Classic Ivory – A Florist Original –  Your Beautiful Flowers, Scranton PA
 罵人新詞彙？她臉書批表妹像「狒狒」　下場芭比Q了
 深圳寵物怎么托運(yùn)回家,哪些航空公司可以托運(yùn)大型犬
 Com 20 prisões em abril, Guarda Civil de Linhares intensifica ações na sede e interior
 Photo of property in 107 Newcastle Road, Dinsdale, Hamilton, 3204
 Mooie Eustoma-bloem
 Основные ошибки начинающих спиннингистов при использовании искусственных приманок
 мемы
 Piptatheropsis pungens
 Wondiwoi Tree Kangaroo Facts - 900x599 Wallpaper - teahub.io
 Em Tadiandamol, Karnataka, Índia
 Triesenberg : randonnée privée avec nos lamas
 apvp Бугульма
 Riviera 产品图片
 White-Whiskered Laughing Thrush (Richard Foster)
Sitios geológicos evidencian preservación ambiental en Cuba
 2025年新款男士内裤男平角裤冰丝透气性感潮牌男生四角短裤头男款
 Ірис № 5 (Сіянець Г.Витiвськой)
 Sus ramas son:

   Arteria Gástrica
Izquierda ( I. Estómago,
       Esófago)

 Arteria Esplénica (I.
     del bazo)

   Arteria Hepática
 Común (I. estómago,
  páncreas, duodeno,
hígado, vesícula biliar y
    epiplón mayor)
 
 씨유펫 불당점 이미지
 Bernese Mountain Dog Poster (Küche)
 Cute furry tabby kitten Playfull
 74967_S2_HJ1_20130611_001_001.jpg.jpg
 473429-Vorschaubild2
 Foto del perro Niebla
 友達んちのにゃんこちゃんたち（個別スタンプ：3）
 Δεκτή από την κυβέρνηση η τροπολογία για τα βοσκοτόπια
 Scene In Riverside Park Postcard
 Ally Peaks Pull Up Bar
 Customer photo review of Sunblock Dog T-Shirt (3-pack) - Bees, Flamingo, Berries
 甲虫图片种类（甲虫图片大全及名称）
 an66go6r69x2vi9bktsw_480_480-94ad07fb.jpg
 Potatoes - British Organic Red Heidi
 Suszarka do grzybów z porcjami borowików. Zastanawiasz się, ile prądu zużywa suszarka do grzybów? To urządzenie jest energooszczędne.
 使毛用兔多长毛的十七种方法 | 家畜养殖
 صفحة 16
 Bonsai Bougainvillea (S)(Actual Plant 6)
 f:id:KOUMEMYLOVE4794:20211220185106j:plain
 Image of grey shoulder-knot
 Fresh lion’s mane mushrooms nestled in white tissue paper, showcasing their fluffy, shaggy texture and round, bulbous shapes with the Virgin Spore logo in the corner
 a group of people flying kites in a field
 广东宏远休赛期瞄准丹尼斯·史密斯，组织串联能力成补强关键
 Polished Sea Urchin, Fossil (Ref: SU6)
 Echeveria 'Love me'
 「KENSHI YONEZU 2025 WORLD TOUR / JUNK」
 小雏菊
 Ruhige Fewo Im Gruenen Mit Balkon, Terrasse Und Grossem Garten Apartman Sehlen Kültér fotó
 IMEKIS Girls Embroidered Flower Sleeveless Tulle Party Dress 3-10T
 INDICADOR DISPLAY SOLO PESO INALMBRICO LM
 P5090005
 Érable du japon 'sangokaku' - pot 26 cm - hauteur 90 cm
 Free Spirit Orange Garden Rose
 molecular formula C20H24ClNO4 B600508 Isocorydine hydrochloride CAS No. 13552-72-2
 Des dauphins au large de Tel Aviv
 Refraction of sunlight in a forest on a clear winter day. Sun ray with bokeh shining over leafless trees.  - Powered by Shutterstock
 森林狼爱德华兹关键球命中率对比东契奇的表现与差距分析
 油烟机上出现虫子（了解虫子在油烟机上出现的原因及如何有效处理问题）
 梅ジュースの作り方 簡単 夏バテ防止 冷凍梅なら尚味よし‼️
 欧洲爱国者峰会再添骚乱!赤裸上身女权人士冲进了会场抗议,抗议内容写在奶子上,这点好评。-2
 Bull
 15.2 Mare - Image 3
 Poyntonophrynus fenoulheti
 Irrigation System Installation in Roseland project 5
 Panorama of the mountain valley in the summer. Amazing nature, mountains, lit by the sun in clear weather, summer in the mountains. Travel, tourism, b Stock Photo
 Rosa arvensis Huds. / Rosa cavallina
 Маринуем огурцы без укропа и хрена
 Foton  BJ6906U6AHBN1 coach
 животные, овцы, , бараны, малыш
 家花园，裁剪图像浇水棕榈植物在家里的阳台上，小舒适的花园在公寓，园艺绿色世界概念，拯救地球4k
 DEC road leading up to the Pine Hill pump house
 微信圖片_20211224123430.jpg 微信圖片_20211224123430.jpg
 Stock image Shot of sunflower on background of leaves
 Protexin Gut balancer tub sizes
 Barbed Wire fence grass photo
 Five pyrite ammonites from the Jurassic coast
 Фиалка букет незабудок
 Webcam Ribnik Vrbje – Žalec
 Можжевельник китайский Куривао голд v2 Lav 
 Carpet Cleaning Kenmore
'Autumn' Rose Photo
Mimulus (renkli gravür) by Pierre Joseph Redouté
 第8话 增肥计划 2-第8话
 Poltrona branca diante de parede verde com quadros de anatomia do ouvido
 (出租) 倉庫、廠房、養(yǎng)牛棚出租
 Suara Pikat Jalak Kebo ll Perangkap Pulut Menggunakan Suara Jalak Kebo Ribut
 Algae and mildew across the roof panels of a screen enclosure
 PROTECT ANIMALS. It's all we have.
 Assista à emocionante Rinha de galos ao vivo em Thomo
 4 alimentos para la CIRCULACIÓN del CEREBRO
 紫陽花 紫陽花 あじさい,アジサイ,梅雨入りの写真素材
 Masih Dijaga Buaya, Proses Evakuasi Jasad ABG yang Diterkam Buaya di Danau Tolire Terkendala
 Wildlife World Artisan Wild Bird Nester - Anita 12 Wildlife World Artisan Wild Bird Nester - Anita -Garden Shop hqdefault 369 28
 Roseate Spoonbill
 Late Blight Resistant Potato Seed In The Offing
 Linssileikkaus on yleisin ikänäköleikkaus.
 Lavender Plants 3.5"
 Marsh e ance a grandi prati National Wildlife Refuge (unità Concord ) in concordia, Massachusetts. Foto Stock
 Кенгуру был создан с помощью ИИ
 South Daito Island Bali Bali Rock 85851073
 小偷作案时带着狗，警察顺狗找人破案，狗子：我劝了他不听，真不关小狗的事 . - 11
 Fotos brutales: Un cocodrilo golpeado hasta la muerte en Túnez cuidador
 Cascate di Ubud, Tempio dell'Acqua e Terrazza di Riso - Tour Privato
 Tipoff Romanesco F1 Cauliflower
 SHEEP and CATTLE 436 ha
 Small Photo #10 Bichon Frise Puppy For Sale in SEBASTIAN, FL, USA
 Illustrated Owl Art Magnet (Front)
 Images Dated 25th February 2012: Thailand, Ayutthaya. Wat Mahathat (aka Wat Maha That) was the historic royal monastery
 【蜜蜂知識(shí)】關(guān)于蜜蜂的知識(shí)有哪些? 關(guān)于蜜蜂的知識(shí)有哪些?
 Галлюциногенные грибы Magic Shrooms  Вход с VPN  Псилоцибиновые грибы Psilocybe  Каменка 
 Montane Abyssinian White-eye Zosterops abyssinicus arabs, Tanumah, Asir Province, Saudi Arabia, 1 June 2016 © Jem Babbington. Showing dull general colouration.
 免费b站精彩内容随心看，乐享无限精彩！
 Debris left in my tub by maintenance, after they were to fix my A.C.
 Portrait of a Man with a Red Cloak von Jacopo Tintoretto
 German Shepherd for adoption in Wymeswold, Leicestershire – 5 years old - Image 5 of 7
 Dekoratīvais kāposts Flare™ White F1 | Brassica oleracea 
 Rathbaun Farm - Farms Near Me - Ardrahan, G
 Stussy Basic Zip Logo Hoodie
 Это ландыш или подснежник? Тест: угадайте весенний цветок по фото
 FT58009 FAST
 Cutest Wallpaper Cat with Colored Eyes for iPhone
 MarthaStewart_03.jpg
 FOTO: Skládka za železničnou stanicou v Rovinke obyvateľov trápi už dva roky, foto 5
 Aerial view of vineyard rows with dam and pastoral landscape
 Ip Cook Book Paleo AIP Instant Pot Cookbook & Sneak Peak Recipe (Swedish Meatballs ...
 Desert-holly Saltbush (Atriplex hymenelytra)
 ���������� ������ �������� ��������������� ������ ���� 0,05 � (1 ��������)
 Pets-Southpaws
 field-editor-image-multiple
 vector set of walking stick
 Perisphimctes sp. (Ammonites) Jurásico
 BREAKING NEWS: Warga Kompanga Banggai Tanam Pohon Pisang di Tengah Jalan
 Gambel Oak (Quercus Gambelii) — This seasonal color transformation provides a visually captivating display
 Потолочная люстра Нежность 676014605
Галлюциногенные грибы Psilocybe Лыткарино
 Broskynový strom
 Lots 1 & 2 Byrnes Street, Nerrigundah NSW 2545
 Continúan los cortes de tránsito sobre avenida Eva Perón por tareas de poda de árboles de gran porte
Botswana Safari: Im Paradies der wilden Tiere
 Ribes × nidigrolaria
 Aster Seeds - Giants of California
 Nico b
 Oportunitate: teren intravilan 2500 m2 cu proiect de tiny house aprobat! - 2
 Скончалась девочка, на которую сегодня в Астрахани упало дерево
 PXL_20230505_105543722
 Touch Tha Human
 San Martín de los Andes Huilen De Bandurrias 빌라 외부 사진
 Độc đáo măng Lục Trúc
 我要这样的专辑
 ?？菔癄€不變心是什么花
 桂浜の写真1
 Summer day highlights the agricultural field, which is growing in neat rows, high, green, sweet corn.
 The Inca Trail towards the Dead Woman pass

- _Work request_
Given the records above, restate word for word only the lines starting at the one with "Em Tadiandamol, Karnataka, Índia" and ending at the one with "Foto del perro Niebla".

- _Solution to the exercise_
 Em Tadiandamol, Karnataka, Índia
 Triesenberg : randonnée privée avec nos lamas
 apvp Бугульма
 Riviera 产品图片
 White-Whiskered Laughing Thrush (Richard Foster)
Sitios geológicos evidencian preservación ambiental en Cuba
 2025年新款男士内裤男平角裤冰丝透气性感潮牌男生四角短裤头男款
 Ірис № 5 (Сіянець Г.Витiвськой)
 Sus ramas son:

   Arteria Gástrica
Izquierda ( I. Estómago,
       Esófago)

 Arteria Esplénica (I.
     del bazo)

   Arteria Hepática
 Común (I. estómago,
  páncreas, duodeno,
hígado, vesícula biliar y
    epiplón mayor)
 
 씨유펫 불당점 이미지
 Bernese Mountain Dog Poster (Küche)
 Cute furry tabby kitten Playfull
 74967_S2_HJ1_20130611_001_001.jpg.jpg
 473429-Vorschaubild2
 Foto del perro Niebla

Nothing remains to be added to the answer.